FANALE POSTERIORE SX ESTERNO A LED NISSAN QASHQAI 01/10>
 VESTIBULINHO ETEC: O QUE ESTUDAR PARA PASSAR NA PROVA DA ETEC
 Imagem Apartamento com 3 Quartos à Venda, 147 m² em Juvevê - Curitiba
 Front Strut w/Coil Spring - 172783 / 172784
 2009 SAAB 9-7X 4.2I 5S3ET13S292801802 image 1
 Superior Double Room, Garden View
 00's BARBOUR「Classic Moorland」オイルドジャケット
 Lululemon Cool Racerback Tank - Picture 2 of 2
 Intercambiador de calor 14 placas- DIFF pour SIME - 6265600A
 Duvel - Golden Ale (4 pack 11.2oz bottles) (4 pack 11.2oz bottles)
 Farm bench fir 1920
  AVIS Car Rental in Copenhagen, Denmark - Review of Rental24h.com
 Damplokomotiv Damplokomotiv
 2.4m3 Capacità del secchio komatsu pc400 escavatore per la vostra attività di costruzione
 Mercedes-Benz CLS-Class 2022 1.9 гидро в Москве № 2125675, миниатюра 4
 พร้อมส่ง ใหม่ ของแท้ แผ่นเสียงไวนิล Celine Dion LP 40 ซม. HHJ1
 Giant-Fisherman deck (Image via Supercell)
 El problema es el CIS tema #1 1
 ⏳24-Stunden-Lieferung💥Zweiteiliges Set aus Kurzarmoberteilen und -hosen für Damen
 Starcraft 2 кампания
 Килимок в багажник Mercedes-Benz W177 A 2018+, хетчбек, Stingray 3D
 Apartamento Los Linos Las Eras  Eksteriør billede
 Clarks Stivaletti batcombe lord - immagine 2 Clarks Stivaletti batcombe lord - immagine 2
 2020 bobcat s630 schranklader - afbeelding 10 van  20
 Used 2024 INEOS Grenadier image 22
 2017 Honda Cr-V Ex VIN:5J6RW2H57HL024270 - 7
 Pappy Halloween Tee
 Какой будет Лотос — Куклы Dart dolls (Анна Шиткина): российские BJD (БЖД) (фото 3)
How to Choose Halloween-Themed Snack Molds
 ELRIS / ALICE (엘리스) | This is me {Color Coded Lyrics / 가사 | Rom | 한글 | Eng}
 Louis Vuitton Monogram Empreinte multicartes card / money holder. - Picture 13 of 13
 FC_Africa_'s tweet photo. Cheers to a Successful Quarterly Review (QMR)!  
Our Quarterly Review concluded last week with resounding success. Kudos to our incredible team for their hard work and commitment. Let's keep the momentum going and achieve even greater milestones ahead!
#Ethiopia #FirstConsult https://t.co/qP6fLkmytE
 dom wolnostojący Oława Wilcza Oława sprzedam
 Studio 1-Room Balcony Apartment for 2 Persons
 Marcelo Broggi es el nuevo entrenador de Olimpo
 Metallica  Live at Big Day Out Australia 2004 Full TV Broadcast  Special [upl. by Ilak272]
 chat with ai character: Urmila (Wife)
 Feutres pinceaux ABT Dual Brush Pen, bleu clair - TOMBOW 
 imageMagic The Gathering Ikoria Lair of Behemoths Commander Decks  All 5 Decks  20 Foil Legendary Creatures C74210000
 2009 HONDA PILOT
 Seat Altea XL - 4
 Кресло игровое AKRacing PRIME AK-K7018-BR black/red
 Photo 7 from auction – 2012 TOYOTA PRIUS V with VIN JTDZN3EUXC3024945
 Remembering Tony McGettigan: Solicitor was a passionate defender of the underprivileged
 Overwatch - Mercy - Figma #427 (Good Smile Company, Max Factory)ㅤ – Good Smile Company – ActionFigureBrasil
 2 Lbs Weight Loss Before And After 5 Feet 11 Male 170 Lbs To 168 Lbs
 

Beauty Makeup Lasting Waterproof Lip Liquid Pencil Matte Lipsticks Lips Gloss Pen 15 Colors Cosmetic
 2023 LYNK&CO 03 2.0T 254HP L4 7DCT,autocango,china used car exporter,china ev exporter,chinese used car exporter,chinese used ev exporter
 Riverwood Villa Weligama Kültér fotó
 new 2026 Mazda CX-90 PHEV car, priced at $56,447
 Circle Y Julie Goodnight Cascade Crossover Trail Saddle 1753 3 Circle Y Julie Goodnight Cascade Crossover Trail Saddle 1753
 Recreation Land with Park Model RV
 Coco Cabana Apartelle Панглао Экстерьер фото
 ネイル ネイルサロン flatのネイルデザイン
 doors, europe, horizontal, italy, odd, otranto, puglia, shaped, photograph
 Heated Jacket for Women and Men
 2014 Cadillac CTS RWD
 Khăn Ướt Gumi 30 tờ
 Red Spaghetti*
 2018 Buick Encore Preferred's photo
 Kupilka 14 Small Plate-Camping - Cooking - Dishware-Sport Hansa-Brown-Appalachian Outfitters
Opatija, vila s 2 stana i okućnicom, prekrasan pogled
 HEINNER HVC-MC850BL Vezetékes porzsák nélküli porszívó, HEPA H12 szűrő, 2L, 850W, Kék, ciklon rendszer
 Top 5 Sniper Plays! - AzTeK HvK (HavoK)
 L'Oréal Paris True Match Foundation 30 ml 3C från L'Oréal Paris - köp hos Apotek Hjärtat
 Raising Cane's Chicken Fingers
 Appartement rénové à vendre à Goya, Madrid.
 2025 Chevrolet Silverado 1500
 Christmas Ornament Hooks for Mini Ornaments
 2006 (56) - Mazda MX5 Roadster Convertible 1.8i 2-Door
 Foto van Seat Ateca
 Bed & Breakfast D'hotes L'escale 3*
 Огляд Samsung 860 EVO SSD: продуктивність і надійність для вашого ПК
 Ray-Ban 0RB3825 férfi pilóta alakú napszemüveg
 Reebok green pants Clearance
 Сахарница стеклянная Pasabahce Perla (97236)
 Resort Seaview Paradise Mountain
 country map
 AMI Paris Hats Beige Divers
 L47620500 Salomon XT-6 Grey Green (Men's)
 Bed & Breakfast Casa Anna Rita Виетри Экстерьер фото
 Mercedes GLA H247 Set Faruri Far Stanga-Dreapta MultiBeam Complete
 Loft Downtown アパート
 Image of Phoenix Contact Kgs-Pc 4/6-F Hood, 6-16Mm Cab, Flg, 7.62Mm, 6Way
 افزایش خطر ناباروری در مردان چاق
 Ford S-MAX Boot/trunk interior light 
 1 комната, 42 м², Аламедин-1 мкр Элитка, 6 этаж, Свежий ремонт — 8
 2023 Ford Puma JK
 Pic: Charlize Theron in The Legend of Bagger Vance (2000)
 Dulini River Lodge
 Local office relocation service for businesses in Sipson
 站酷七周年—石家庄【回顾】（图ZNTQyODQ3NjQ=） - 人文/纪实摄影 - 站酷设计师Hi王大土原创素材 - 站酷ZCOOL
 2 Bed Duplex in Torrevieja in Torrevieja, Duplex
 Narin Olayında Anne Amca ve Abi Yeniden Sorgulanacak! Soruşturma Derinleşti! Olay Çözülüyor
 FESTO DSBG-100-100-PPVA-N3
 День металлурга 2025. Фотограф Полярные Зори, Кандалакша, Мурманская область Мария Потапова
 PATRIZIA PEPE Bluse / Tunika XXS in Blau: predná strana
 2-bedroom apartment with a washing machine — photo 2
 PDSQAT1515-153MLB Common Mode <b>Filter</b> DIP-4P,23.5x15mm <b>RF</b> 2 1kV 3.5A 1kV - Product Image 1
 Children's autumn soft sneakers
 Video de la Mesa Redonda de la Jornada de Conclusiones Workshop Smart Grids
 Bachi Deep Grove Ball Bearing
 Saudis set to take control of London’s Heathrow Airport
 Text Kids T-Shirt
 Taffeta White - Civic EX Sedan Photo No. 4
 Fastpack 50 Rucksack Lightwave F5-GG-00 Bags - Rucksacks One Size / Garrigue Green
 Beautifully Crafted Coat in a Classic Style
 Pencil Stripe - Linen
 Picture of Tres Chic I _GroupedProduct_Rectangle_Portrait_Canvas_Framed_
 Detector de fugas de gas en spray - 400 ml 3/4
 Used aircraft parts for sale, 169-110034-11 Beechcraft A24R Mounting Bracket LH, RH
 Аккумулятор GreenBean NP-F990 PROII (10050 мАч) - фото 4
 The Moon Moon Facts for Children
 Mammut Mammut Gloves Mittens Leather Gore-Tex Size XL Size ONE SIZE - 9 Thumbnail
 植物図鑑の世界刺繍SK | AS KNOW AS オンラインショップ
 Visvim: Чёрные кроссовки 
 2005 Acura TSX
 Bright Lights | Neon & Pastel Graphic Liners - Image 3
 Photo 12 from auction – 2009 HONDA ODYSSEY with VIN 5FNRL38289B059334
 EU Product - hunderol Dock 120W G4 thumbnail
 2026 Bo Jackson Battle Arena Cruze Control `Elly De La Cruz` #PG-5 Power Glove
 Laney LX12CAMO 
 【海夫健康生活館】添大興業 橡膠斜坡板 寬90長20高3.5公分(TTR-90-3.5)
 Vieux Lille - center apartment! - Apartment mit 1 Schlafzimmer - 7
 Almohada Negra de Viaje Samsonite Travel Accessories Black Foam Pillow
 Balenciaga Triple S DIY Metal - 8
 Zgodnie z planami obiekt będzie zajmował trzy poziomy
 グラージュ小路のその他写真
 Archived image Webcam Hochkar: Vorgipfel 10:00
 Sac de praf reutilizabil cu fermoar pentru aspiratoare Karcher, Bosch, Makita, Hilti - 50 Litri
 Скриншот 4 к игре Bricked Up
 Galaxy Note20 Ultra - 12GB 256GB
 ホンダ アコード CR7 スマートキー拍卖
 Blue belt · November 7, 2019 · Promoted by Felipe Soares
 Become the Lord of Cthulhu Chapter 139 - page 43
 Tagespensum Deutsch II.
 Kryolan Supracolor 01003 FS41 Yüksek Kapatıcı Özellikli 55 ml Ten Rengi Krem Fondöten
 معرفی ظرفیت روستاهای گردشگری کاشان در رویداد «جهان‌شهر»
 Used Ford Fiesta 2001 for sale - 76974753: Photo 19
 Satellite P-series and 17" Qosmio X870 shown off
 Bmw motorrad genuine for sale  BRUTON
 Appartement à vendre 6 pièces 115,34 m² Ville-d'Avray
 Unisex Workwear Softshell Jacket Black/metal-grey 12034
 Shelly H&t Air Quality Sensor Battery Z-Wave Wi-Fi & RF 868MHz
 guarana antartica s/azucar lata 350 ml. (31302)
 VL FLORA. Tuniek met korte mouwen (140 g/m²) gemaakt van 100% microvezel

## WHAT THE TASK ASKS:
Scan the material above for the string "Size" and return the lines that hold it.

## ANSWER BELOW:
 Fastpack 50 Rucksack Lightwave F5-GG-00 Bags - Rucksacks One Size / Garrigue Green
 Mammut Mammut Gloves Mittens Leather Gore-Tex Size XL Size ONE SIZE - 9 Thumbnail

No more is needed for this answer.